▶ **Exercise goal**
Starting with the line containing "I really started" and going on through the line containing "I means idiopathic", return the lines of the data below exactly, and only those.
Start of Data for analysis
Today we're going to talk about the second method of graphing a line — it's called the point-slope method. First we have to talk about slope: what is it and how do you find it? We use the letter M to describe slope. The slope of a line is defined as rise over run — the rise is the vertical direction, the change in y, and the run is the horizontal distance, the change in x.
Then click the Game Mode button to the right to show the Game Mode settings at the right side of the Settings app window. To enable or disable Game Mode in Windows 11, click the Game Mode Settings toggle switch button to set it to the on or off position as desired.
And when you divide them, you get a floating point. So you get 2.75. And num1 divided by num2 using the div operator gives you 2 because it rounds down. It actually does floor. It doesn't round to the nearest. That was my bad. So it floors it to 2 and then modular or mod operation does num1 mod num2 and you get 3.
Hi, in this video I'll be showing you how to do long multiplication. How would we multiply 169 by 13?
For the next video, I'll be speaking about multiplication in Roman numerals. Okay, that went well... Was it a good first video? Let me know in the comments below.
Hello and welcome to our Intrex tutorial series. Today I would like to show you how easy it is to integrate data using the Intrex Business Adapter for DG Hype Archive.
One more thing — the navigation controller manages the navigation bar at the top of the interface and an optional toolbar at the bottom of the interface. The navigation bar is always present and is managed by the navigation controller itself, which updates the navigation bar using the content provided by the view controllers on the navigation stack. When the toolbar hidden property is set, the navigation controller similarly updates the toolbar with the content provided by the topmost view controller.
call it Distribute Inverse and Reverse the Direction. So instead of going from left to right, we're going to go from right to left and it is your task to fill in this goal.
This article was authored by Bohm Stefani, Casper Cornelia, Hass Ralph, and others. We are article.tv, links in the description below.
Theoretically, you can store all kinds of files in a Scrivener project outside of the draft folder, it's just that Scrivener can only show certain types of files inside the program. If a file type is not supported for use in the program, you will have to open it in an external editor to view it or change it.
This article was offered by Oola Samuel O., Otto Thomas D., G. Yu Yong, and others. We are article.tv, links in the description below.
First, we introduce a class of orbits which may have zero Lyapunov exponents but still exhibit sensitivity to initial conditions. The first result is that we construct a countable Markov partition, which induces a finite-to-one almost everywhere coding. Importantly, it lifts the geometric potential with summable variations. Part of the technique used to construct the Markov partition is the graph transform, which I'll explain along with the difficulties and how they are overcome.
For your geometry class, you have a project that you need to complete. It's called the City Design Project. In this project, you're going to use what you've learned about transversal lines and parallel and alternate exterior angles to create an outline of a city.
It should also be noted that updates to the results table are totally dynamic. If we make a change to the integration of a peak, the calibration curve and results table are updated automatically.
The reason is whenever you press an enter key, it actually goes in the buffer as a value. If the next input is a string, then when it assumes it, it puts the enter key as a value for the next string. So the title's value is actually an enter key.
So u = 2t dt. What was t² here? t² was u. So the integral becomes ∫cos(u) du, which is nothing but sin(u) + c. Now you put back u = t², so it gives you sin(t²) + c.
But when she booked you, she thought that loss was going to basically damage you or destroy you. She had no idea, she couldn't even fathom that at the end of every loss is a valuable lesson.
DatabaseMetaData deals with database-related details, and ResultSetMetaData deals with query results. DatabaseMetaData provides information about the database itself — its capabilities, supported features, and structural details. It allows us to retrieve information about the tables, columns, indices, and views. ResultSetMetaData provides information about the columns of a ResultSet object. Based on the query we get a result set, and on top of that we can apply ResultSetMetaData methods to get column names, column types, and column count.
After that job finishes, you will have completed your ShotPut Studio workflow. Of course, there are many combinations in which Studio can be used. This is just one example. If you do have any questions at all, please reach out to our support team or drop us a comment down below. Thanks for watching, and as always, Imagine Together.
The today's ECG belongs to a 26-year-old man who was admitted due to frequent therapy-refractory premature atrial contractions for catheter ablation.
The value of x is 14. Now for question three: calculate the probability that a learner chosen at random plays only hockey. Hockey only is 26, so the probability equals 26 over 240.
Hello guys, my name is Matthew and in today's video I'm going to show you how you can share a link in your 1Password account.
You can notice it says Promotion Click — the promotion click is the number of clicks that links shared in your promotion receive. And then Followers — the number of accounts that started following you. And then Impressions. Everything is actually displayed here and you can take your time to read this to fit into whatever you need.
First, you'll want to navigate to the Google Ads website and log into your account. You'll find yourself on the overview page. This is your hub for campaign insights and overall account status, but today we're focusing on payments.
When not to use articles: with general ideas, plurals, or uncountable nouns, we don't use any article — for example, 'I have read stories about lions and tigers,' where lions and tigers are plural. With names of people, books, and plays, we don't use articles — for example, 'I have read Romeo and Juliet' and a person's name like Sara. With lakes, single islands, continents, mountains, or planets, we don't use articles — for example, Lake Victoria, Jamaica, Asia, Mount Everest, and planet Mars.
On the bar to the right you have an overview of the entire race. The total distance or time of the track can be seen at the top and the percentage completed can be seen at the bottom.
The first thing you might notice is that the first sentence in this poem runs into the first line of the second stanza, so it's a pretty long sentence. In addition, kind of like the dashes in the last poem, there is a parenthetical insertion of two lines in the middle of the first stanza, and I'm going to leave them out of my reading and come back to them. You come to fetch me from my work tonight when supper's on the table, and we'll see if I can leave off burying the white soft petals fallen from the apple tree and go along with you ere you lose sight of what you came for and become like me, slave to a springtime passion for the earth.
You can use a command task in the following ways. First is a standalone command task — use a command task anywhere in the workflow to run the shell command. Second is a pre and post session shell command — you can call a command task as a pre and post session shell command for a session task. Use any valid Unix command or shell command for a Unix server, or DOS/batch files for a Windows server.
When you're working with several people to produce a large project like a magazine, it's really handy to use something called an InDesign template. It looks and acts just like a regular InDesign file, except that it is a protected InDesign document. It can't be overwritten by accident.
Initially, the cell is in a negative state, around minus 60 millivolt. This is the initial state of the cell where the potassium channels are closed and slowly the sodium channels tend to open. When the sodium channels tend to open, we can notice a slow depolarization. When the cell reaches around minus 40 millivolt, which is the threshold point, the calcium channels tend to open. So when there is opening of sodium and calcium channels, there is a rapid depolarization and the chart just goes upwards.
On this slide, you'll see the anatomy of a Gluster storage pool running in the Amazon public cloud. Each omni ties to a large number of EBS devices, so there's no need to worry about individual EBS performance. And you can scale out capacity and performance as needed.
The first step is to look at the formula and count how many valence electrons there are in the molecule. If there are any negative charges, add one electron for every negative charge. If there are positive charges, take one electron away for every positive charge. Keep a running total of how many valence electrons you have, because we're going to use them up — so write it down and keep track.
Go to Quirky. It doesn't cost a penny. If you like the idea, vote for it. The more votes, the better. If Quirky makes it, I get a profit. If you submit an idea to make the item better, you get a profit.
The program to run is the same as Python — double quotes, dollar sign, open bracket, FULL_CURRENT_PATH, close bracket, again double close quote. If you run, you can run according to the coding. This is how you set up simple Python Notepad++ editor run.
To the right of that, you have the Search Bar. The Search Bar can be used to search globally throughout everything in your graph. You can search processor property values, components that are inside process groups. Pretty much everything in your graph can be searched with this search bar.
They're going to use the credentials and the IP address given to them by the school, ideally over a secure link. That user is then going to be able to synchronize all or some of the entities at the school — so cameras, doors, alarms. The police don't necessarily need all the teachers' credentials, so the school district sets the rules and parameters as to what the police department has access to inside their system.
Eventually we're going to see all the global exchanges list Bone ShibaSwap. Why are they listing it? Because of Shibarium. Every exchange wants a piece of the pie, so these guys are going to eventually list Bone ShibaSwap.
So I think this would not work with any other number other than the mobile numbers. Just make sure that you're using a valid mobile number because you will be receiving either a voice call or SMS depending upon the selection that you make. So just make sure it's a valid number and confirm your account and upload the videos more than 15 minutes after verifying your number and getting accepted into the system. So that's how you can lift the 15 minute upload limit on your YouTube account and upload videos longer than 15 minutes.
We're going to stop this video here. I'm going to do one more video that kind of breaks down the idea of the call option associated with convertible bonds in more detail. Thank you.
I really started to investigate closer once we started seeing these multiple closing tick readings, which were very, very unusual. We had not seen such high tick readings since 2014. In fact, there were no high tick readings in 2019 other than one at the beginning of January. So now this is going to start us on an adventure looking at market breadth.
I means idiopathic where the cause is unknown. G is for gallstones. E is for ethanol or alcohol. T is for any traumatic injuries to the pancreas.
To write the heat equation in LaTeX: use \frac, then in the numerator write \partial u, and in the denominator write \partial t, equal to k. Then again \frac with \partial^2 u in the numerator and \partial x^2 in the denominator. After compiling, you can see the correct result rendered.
End of Data for analysis
▶ **Result for this task**
I really started to investigate closer once we started seeing these multiple closing tick readings, which were very, very unusual. We had not seen such high tick readings since 2014. In fact, there were no high tick readings in 2019 other than one at the beginning of January. So now this is going to start us on an adventure looking at market breadth.
I means idiopathic where the cause is unknown. G is for gallstones. E is for ethanol or alcohol. T is for any traumatic injuries to the pancreas.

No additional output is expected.